Input from the college’s new task forces as well as data collected from focus groups that included about 100 area public school administrators has provided the impetus for these changes. The new initiatives are being announced nearly a year and one-half after the formation of the college, which was created from the former College of Education and Human Services.
Two New Departments Formed
Mike Wright, dean of the College of Education, said efforts to advance teacher preparation include the establishment of two new academic departments, effective July 1. The new Department of Elementary and Early Childhood Education will be chaired by Sharon Lamson, a professor of elementary education who has chaired the Department of Curriculum and Instruction.
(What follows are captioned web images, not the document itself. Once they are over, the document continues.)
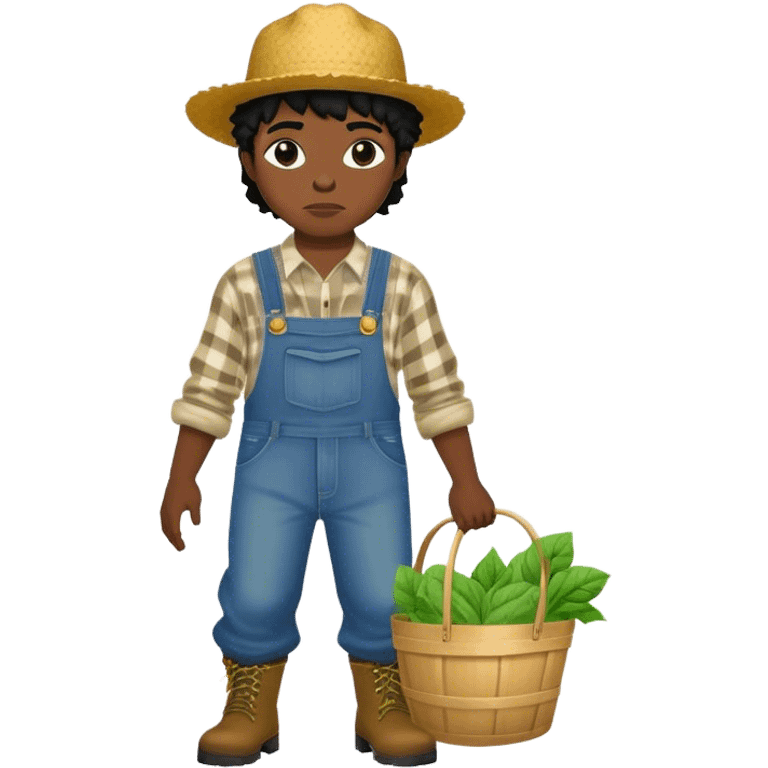 The rapper lucki in a farmer outfit emoji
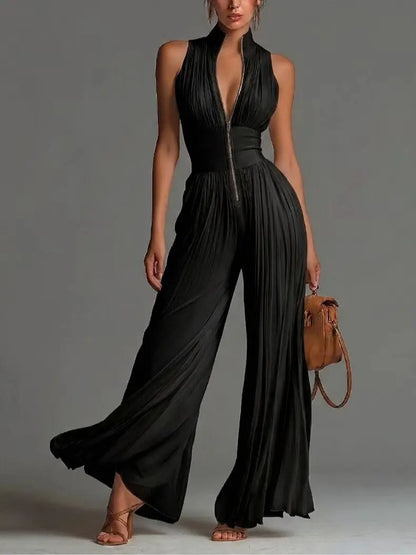 Elegant Stand Collar Zipper Pleated Jumpsuit Women's Solid High Waist Wide Leg Romper Summer Sleeveless Vacation Overalls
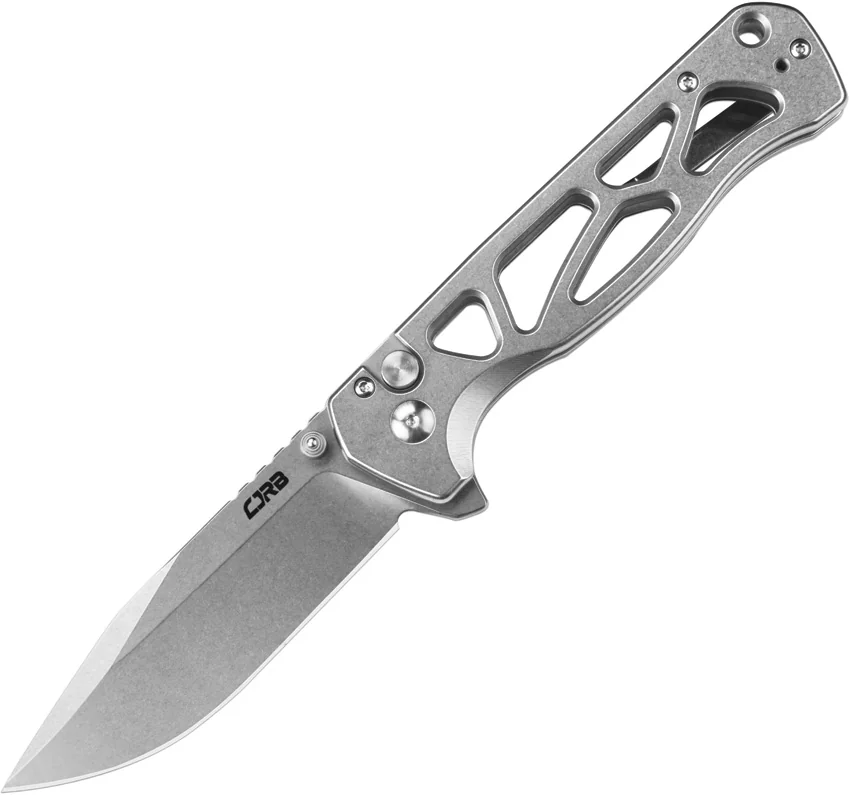 CJRB Cutlery Chord Button Lock Knife Skeletonized Steel (3.5" Satin)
Carl "Skip" Grigsby, associate professor of secondary/middle school education, will serve as chair of the new Department of Educational Foundations and Literacy.
Wright spoke about the need for creating the Department of Elementary and Early Childhood Education noting, "The former Department of Curriculum and Instruction was very large with multiple programs, so our goal was to bring focus to our individual programs and promote their stature and visibility."
The Department of Elementary and Early Childhood Education will encompass academic programs that prepare teachers of children from birth to grade six. Wright said establishing the new department is consistent with UCM ‘s longstanding tradition of preparing educators who are skilled at teaching young students – a tradition which dates back to when the university was a state normal school 137 years ago.
"We all know from research that those early years with children are so absolutely critical, not only to their success in school, but their success in life," Wright said. "So, we’re trying to bring increased focus to the importance of early childhood and elementary education and strengthen our programs."
Additional Changes Focus on Child and Family Issues
Previously part of Curriculum and Instruction, the Child and Family Development Program is moving to the Department of Educational Leadership and Human Development. This department is focused on human development lifespan issues as they relate to children and their families, rather than specifically addressing early childhood education, said Joyce Downing, associate dean of the College of Education and associate professor of special education.
"There are other programs in the Educational Leadership and Human Development area that have more of a lifespan or community focus, such as special education and counseling. They share a synergy," she said. "That is part of our goal, to put programs together that make the most sense."
The Middle School-Junior High School program is moving to the new Department of Educational Foundations and Literacy. This department will be the conduit to teacher education programs that involve other academic departments on campus. EFL will also play an instrumental role in the realignment of the core curriculum for the entire teacher education program on campus, an effort which actually began last fall. Required core courses will be offered in this department.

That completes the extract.